Fructose-1, 6-diphosphate (FDP) as a novel antidote for yellow oleander-induced cardiac toxicity: A randomized controlled double blind study

Gawarammana, Indika, Fahim Mohamed, Steven J. Bowe, Ashoka Rathnathilake, Shantha K. Narangoda, Shifa Azher, Andrew H. Dawson, and Nick A. Buckley. "Fructose-1, 6-diphosphate (FDP) as a novel antidote for yellow oleander-induced cardiac toxicity: a randomized controlled double blind study." BMC emergency medicine 10, no. 1 (2010): 15.

abstract:

Background Cardiac toxicity due to ingestion of oleander plant seeds in Sri Lanka and some other South Asian countries is very common.
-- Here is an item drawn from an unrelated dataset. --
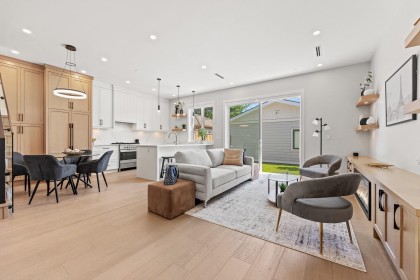 Photo 6 at 2 - 8578 Cartier Street, Marpole, Vancouver West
At present symptomatic oleander seed poisoning carries a mortality of 10% in Sri Lanka and treatment of yellow oleander poisoning is limited to gastric decontamination and atropine administration. The only proven effective antidote is digoxin antibodies but these are not available for routine use because of the high cost. The main objective of this study is to investigate the effectiveness of a new and inexpensive antidote for patients with life threatening arrhythmias due oleander poisoning.

Method/design We set up a randomised double blind clinical trial to assess the effectiveness of Fructose 1, 6 diphosphate (FDP) in acute yellow oleander poisoning patients admitted to the adult medical wards of a tertiary hospital in Sri Lanka. Patients will be initially resuscitated following the national guidelines and eligible patients will be randomised to receive either FDP or an equal amount of normal saline. The primary outcome measure for this study is the sustained reversion to sinus rhythm with a heart rate greater than 50/min within 2 hours of completion of FDP/placebo bolus. Secondary outcomes include death, reversal of hyperkalaemia on the 6, 12, 18 and 24 hour samples and maintenance of sinus rhythm on the holter monitor. Analysis will be on intention-to-treat.

Discussion This trial will provide information on the effectiveness of FDP in yellow oleander poisoning. If FDP is effective in cardiac glycoside toxicity, it would provide substantial benefit to the patients in rural Asia. The drug is inexpensive and thus could be made available at primary care hospitals if proven to be effective.